For every line of the material below, check for the string "Face" and return the line if it is there.

━━ SUPPLIED DATA

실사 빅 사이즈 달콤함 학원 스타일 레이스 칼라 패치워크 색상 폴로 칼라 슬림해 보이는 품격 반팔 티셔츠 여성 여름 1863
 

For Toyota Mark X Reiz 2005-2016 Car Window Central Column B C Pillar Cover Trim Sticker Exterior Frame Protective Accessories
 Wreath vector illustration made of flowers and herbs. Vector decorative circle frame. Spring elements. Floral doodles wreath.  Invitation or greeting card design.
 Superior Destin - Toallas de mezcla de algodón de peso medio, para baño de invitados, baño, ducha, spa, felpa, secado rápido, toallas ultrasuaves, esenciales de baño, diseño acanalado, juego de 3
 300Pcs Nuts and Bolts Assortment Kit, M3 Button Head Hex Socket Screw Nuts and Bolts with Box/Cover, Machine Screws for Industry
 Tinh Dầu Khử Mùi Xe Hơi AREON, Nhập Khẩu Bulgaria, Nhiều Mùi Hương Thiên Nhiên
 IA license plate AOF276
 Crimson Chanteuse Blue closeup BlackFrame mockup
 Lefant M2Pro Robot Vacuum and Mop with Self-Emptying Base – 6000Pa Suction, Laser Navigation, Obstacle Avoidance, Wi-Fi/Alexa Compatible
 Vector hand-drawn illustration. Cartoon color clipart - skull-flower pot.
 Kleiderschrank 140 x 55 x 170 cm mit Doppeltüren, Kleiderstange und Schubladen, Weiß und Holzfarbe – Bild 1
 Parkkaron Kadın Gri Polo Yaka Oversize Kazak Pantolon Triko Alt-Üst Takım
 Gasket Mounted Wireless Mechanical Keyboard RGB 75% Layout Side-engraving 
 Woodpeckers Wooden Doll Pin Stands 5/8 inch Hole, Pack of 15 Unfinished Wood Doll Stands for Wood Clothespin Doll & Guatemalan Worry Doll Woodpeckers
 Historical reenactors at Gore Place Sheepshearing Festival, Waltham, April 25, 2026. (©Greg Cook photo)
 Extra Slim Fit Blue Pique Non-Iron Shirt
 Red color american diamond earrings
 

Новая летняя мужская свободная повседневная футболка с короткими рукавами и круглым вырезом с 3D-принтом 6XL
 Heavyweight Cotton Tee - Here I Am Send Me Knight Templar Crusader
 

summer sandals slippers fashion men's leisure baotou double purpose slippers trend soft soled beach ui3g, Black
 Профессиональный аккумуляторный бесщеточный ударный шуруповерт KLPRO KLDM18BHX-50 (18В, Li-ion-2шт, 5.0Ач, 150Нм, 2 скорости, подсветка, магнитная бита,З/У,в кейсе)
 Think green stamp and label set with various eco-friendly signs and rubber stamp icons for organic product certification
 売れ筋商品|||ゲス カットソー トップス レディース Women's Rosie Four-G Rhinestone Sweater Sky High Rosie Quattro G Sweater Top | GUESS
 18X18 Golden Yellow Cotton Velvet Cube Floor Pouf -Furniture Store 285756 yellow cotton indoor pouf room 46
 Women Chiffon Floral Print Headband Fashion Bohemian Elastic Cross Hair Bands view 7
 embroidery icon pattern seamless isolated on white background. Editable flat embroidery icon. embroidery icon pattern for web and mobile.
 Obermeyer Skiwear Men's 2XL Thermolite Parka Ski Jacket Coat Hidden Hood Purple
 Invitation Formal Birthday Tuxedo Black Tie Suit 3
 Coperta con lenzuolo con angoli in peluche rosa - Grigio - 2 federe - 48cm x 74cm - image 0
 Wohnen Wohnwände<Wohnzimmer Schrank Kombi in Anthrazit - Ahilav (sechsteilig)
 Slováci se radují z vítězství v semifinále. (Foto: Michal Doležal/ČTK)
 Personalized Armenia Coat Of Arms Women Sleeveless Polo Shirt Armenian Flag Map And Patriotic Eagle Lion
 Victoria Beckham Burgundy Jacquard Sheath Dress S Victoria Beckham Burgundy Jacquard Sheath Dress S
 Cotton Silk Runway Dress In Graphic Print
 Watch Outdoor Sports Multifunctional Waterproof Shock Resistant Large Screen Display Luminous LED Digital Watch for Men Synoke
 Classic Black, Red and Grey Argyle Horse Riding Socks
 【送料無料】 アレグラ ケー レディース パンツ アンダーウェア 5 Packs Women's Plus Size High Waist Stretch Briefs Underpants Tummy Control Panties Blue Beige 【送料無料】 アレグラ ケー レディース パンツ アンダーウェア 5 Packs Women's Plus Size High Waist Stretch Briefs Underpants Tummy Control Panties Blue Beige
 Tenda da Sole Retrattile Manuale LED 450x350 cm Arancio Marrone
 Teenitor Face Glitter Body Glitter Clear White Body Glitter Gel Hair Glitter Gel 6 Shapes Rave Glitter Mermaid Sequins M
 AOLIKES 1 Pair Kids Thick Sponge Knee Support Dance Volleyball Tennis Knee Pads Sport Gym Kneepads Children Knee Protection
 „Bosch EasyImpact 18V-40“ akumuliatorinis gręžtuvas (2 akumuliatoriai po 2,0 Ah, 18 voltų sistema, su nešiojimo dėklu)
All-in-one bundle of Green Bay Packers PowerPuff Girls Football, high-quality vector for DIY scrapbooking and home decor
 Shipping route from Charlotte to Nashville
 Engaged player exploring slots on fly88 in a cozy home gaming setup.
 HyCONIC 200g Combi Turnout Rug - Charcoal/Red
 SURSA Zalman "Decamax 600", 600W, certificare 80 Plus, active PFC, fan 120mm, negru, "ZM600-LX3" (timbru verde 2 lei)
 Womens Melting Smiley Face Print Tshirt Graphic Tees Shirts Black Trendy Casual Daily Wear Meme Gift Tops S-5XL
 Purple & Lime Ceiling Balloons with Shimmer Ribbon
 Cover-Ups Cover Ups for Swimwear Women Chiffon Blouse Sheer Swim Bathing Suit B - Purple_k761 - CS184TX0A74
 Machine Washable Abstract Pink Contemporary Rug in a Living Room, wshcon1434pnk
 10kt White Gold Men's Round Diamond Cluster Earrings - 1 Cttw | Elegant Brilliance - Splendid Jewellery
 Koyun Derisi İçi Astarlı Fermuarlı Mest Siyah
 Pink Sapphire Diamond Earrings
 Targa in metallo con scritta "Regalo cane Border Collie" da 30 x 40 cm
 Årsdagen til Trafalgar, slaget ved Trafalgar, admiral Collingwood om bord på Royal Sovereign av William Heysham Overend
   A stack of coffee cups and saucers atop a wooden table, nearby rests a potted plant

━━━━

> EXERCISE RESULT
 Teenitor Face Glitter Body Glitter Clear White Body Glitter Gel Hair Glitter Gel 6 Shapes Rave Glitter Mermaid Sequins M
 Womens Melting Smiley Face Print Tshirt Graphic Tees Shirts Black Trendy Casual Daily Wear Meme Gift Tops S-5XL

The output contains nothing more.